If you live in a part of the country that experiences heavy snow and frigid Winter temperatures, you’ve probably been counting down the days until Spring would arrive in all its flowery glory. But the second you step outside for a run, you’re met with another reality. With those sunny days come seasonal allergies — symptoms that are only made worse when you’re huffing and puffing through a thick haze of pollen.

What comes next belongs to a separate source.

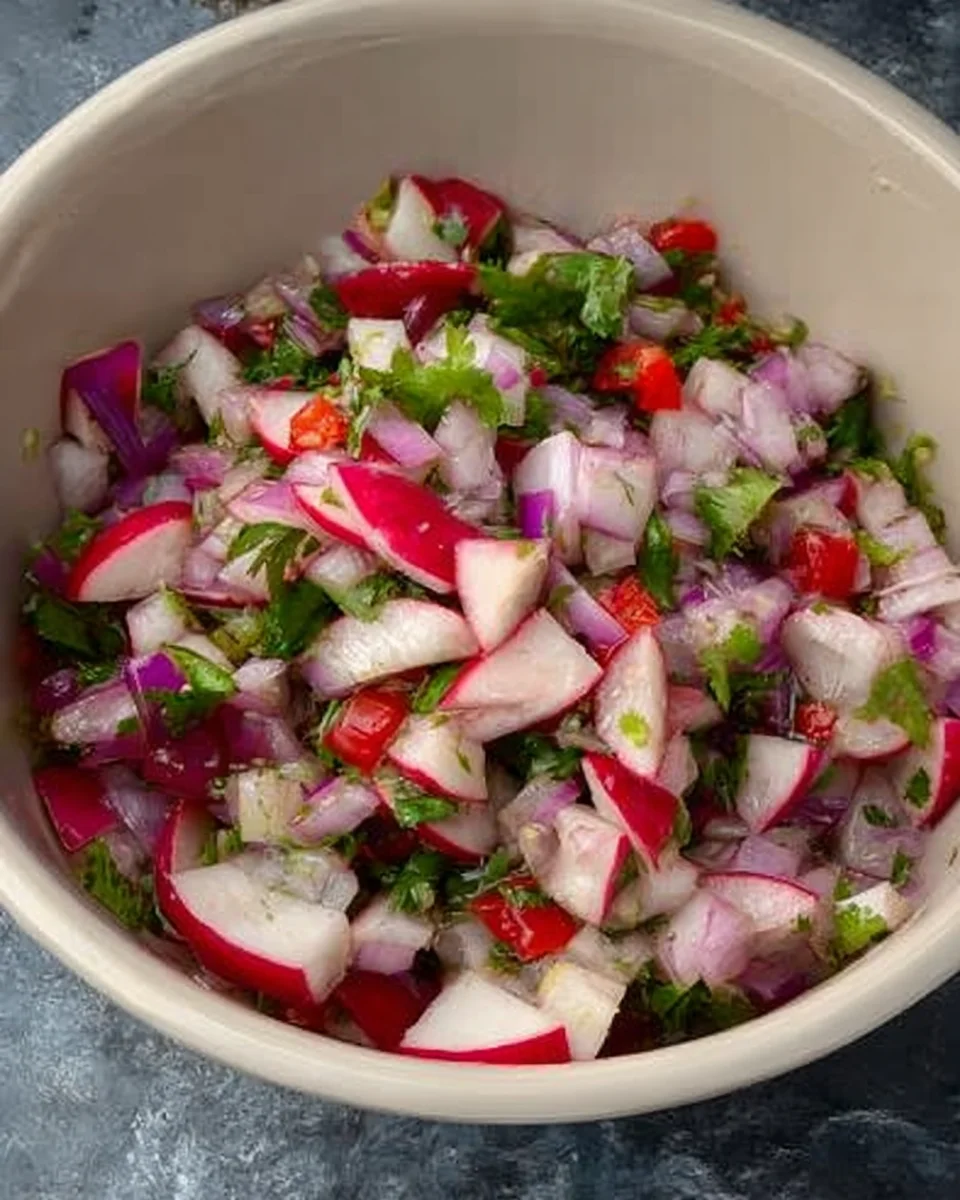 radish pico de gallo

Fortunately, there are ways to work around it. “Pollen counts are typically higher in the morning, from 5 to 10 a.m., so waiting until the afternoon and evening may be more helpful to reduce exposure,” David Erstein, MD, a board-certified allergist and immunologist in New York City, told POPSUGAR. You can also check the pollen count in your area with a quick google search and limit your time outside on days when allergens are most severe.
“It’s also helpful to avoid running on windy days as the pollens tend to be whisked around and can affect a sufferer more,” Dr. Erstein said. “You may find more relief running after a good rain shower which helps to wash away the pollens suspended in the air.”
If antihistamines help to relieve your symptoms, you can also try taking one up to an hour before your run to alleviate any discomfort you’d feel during your workout, Lakiea Wright, MD, a board-certified physician in internal medicine and allergy and immunology at Brigham and Women’s Hospital and the medical director at Thermo Fisher Scientific in Boston, told POPSUGAR.
Running with eyewear such as sunglasses can also help prevent itchy, watery eyes, and if you’re up for it, a mask or bandana over your nose and mouth can limit the amount of pollen that makes its way into your respiratory passages.
Finally, be sure to change out of your workout clothes and shower as soon as you get home from a run. Pollen sticks to you, only prolonging your exposure to allergens, Dr. Erstein explained — just one reason allergy symptoms tend to worsen at night.